The genetic code is the programming language used to make living organisms. Right now, biologists are attempting to ‘reverse engineer’ this genetic code, in order to determine how it works and to make changes to it. I (in my infinite wisdom) think they’re going about this the wrong way.
To understand why, we must first delve into the languages of computers. When humans program computers, they usually write in “high level languages”, which look like a series of mathematical formulas and instructions. Here is an example of a simple function to compute the nth Fibonacci Number, written in a high level language called C:
//computes the nth fibonacci number unsigned int fibonacci(unsigned int n) { unsigned int term1 = 1; unsigned int term2 = 1; unsigned int result = term2; unsigned int i = 1; while (i < n) { result = term1 + term2; term1 = term2; term2 = result; i = i + 1; } return result; }
The Computer cannot understand this program as it is written. It must be translated into instructions that make sense to the computer. This translation process is called compiling.
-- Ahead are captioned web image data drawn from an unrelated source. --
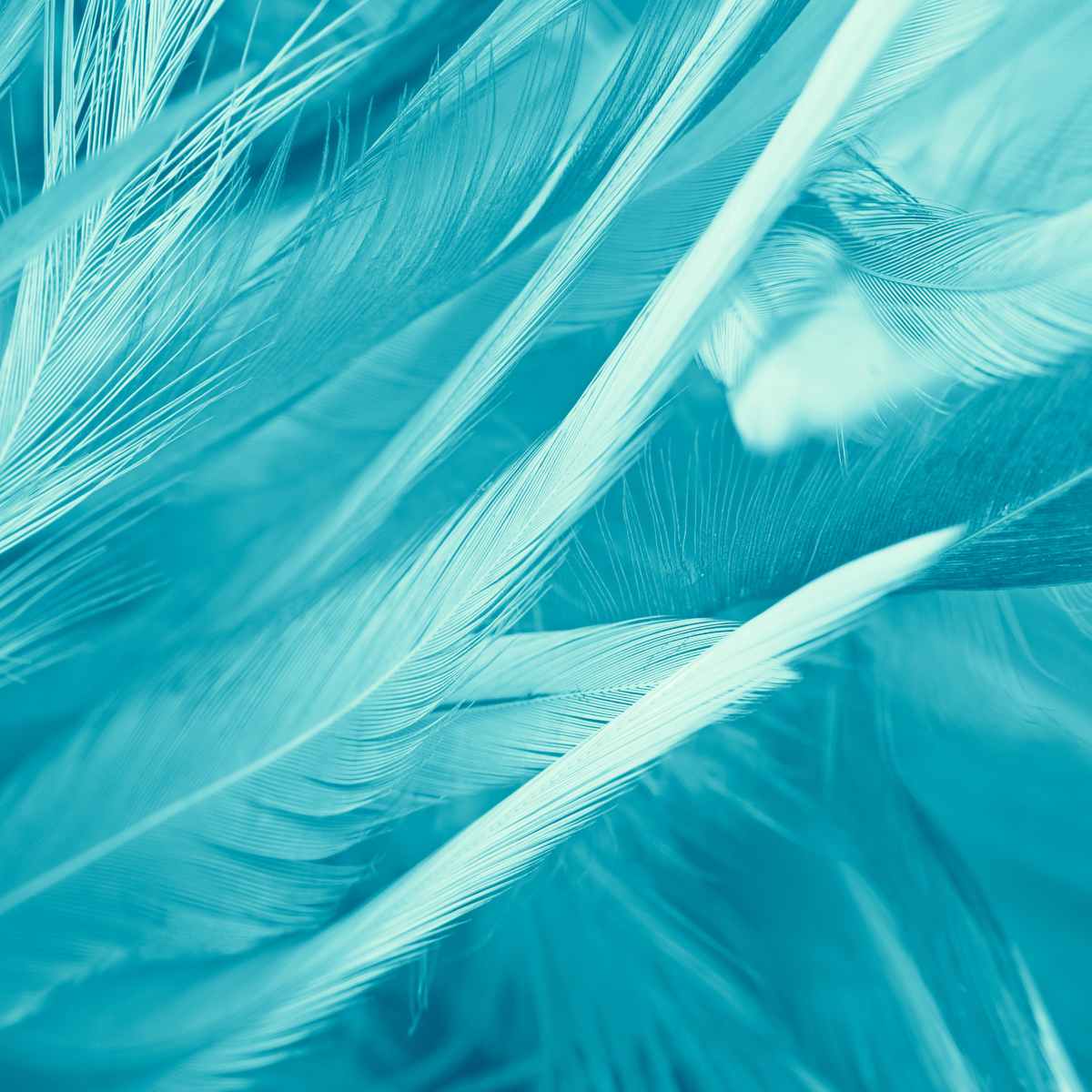 Close-up texture of turquoise-blue feathers, suggesting an Archangel Haniel connection.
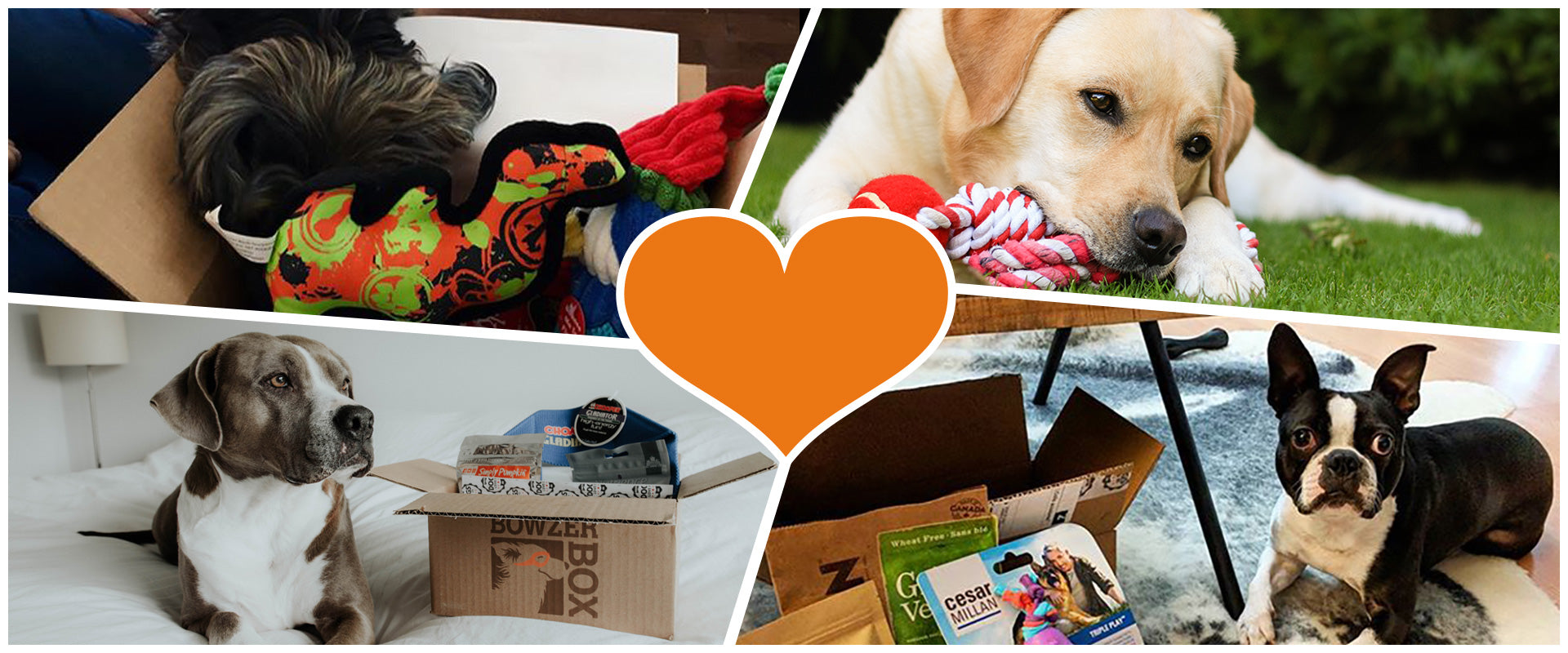 A collage of dogs playing with their Bowzer Box of goodies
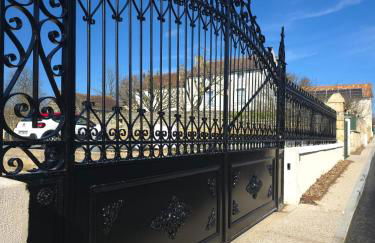 L'arbre de soie Futuroscope Acacia - Foto 48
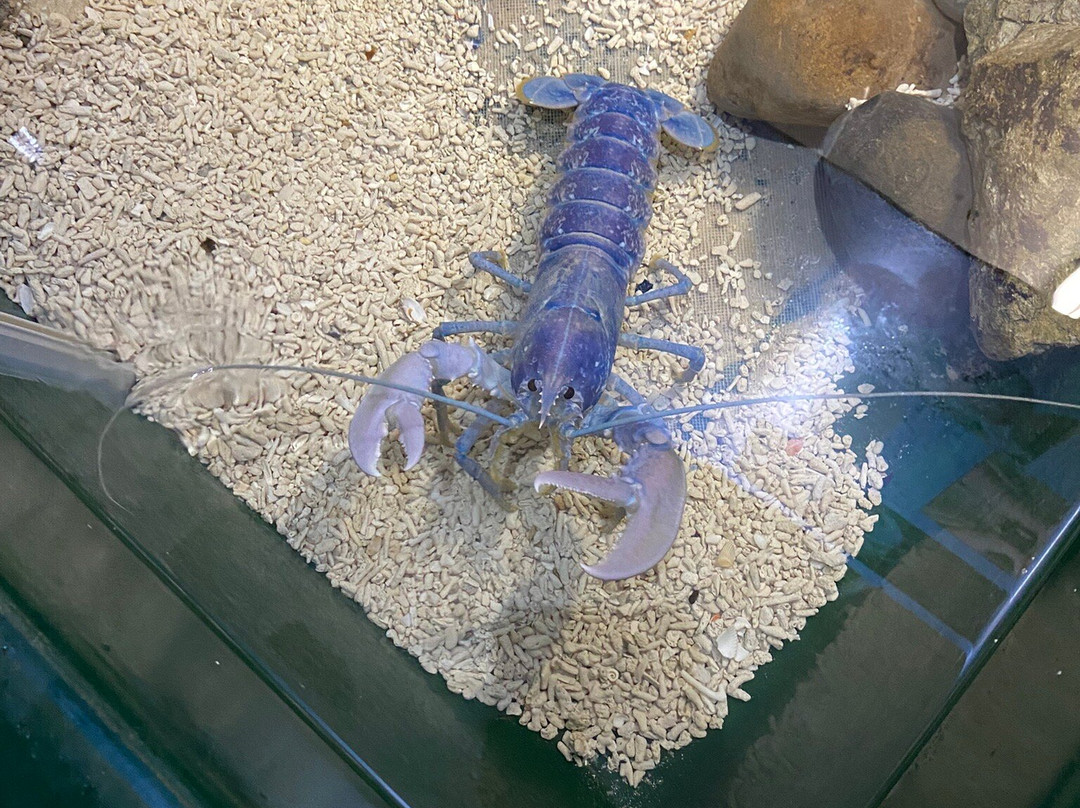 Lake District Coast Aquarium-Maryport必去景点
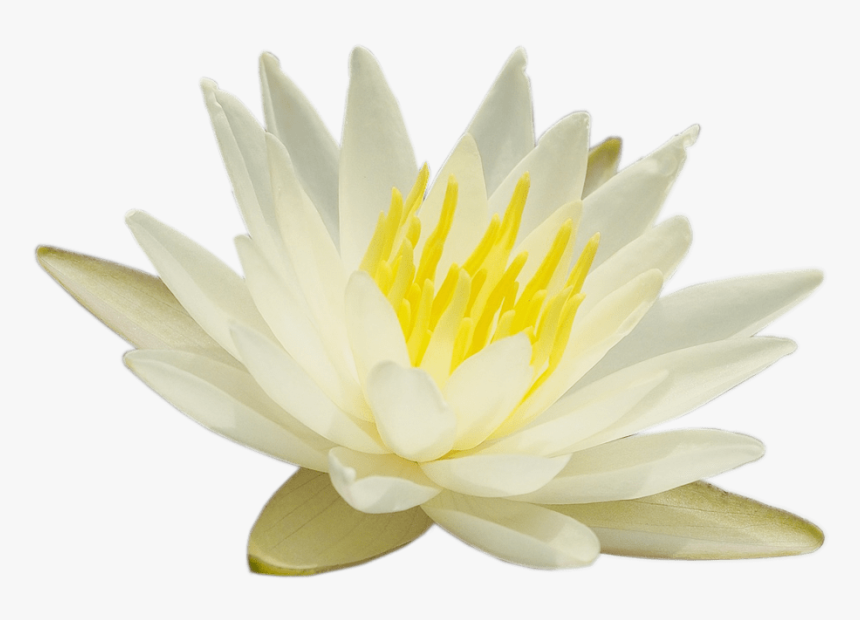 Detail White Lotus Flower Png Nomer 11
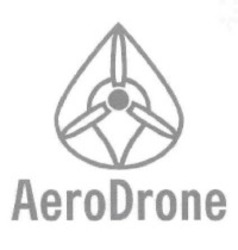 Свідоцтво торговельну марку № 284620 (заявка m201817180): aerodrone; aero drone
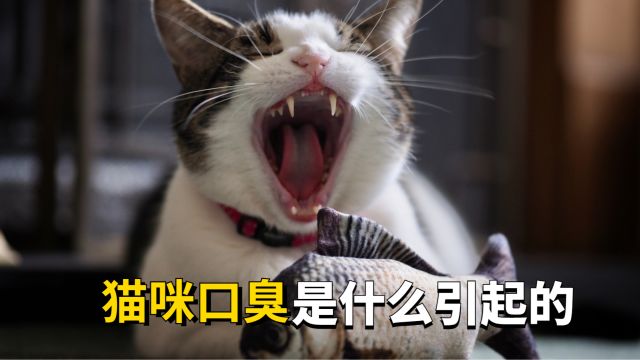 猫咪为什么会口臭?先看看是不是这些原因!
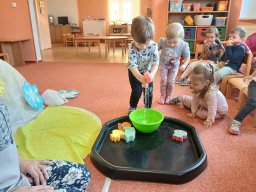 Vítr otrhal stromy do hola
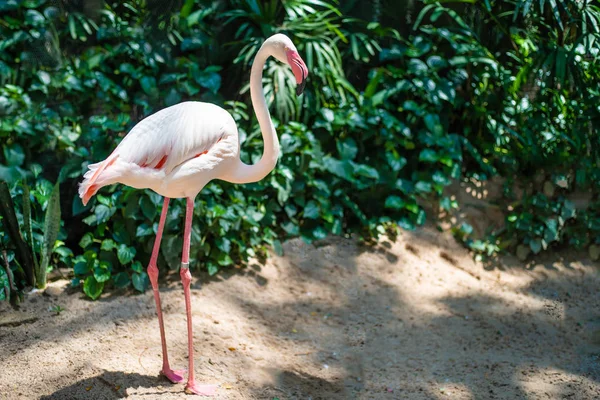 Pink flamingos on the lake. The concept of animals at the zoo — Stock Photo, Image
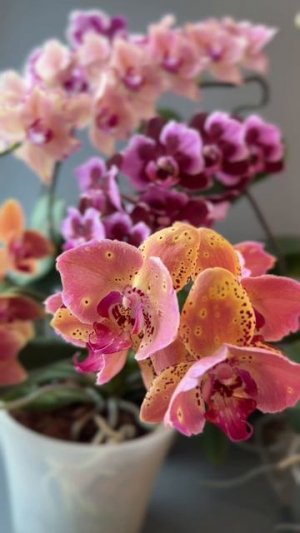 Орхидеи фаленопсис бабочки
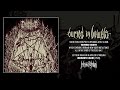 Disrupted - Buried In Bowels (Official Audio)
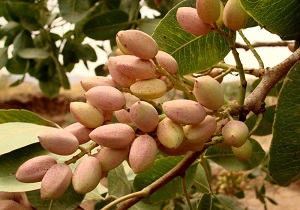 استان قزوین دارای بیش از ۴ هزار هکتار باغ پسته است
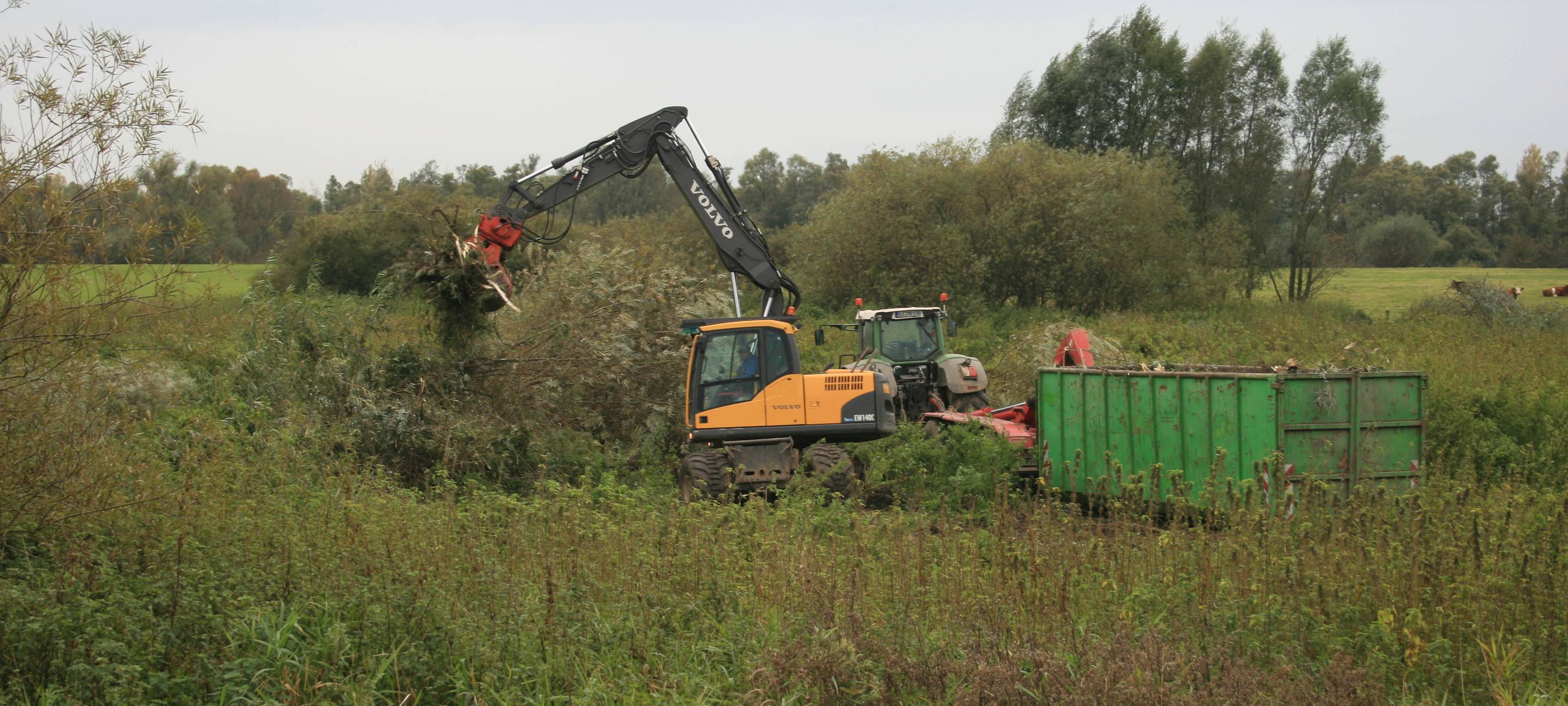 Emmerich: Rodungsarbeiten in der Emmericher Ward starten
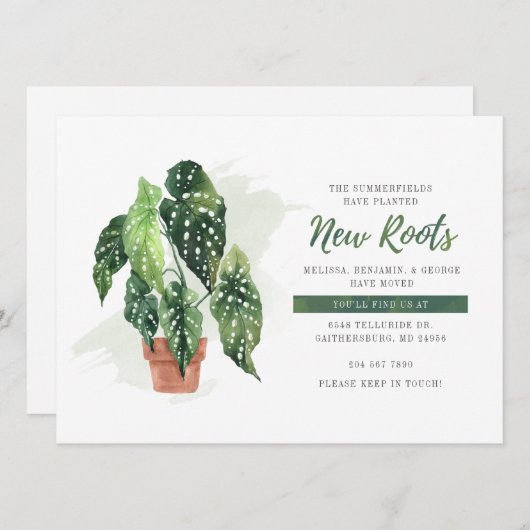 植物動意発表 (正面/裏面)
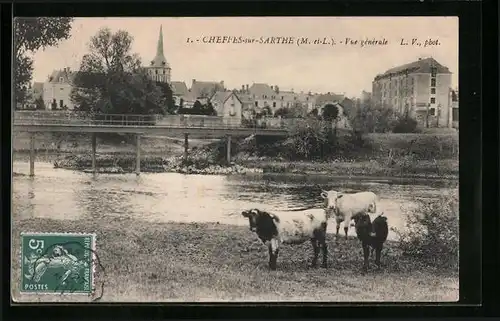 AK Cheffes-sur-Sarthe, Vue générale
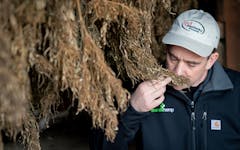 Road Hazards: Hemp interdictions are on the increase in the US. Above, a Kentucky hemp farmer inspects plants at Ananda Hemp. (AP FILE Bryan Woolston)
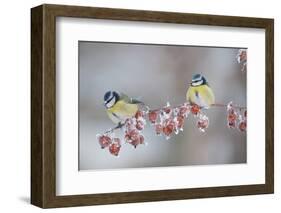 Blue Tits (Parus Caeruleus) in Winter, on Twig with Frozen Crab Apples, Scotland, UK, December-Mark Hamblin-Framed Premium Photographic Print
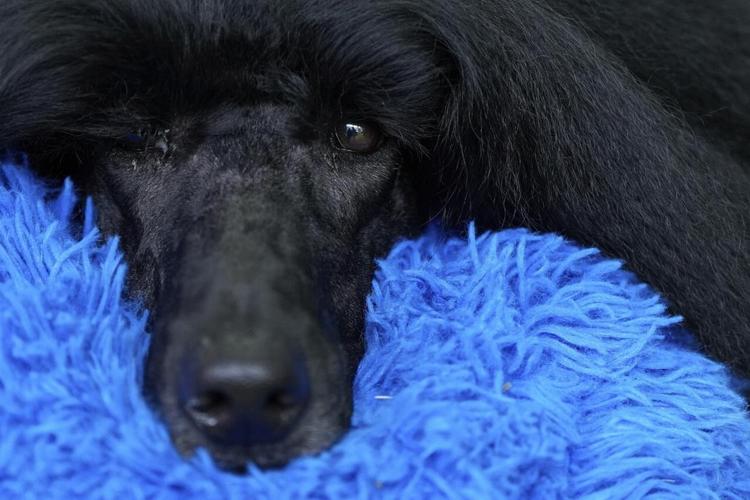 At Westminster dog show, a display of dogs and devotion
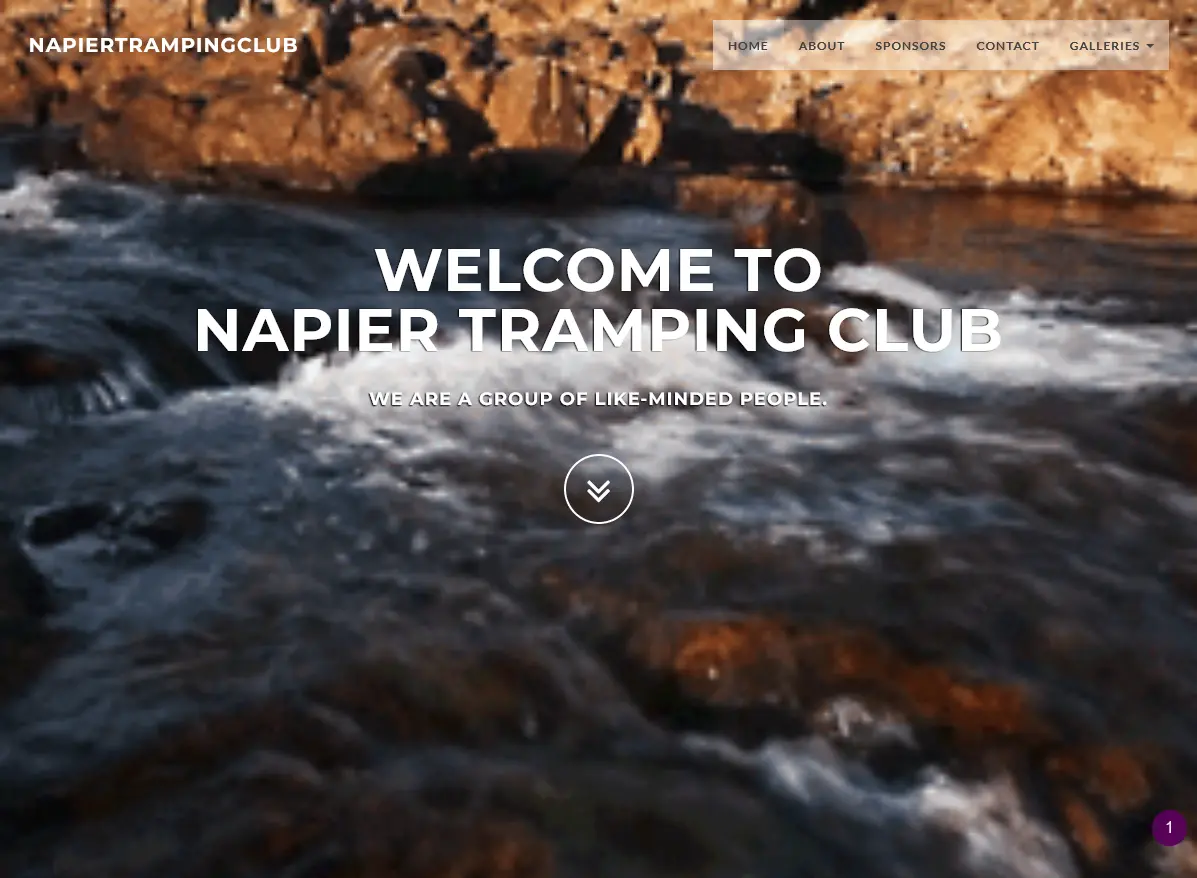 Napiertrampingclub frontpage design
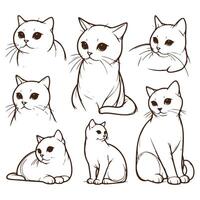 Playful Cats in Minimalist Line Art - A Collection of Unique Poses vector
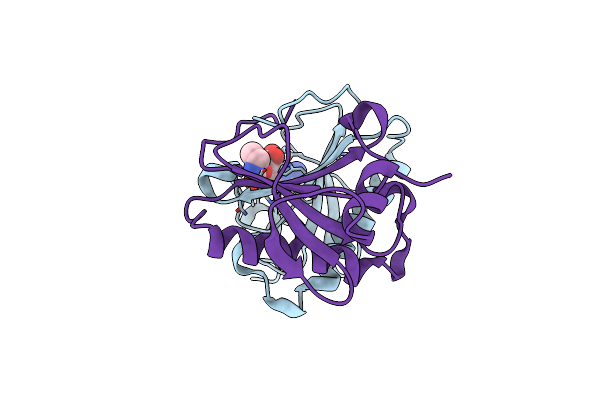 6N3V image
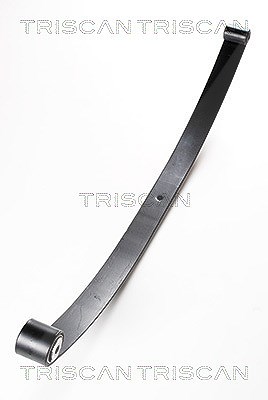 Triscan Federnpaket [Hersteller-Nr. 876515001] für Fiat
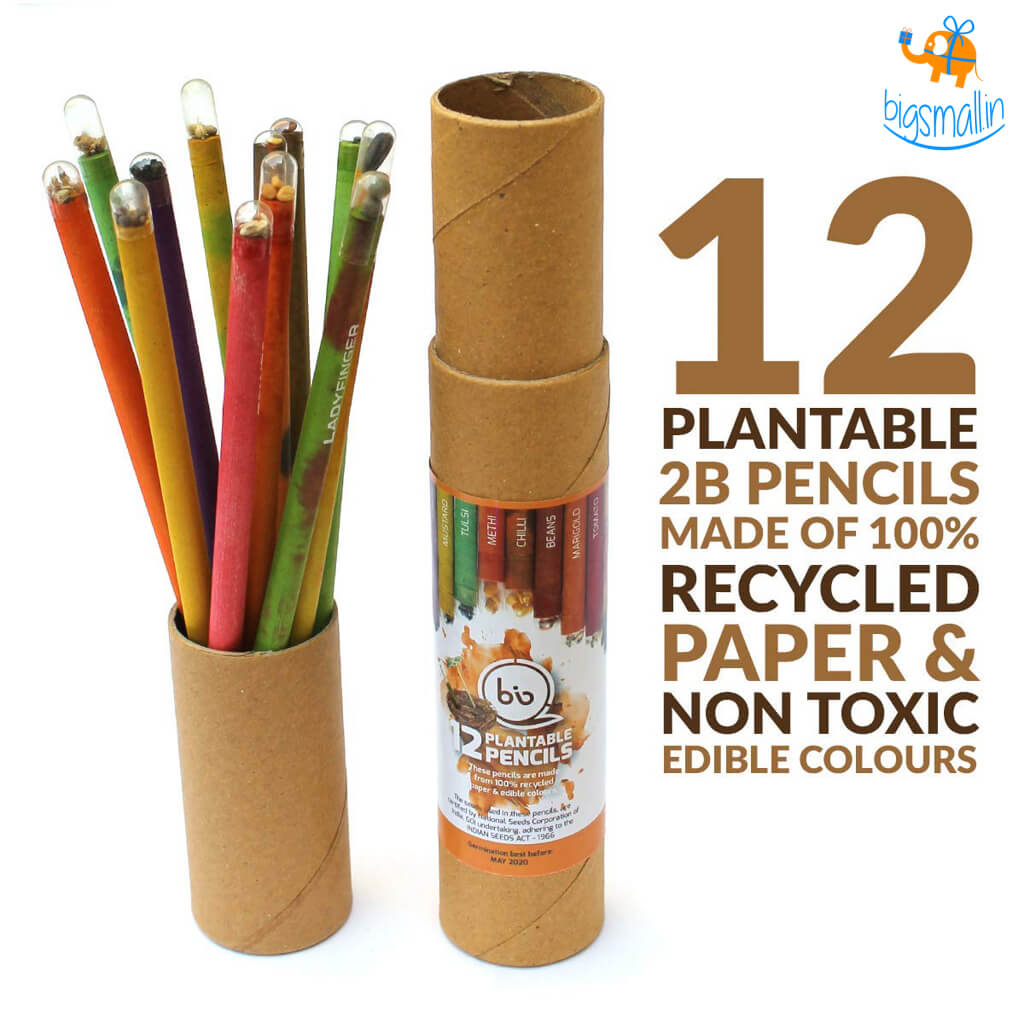 Asha Gifts Eco-Friendly Plantable Seed Pencils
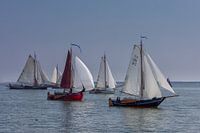 Zeilschepen op Haringvliet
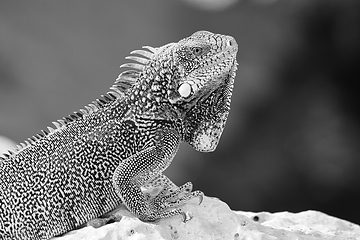 Image showing Green iguana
The compiled program will look different depending upon what computer it is compiled on, but all computers basically operate the same way: they can read from and write to memory locations, and they can add, multiply, divide, and subtract numbers. Here is an English-language translation of what the compiled Fibonacci function might look like. Provided to make things more clear is a mapping of variable names to their memory locations:
| n | 0 | |
| term1 | 1 | |
| term2 | 2 | |
| result | 3 | |
| i | 4 |
# set the value in location 1 to 1 # set the value in location 2 to 1 # set the value in location 3 to the value stored in location 1 # set the value in location 4 to the 1 # if the value in location 4 is not less than the value in location 0, go to instruction 11 # set the value in location 3 to the result of the value in 1 plus the value in 2 # set the value in location 1 to the value in location 2 # set the value in location 2 to the value in location 3 # set the value in location 4 to the value in location 4 plus the value 1 # jump to instruction 5 # return the value in location 3
Each of the above instructions would be represented with a single word, which on a top-of-the-line modern computer is 64 bits of information. The human genetic code is also a sequence of simple instructions, interpreted not by a central processing unit, but by intracellular organisms. Instead of dealing with changing values in memory locations, the genetic code’s instructions are for amino acids used to build proteins. There are approximately 6 billion instructions in the human genome, making it roughly 10 million times as complex as our simple Fibonacci function.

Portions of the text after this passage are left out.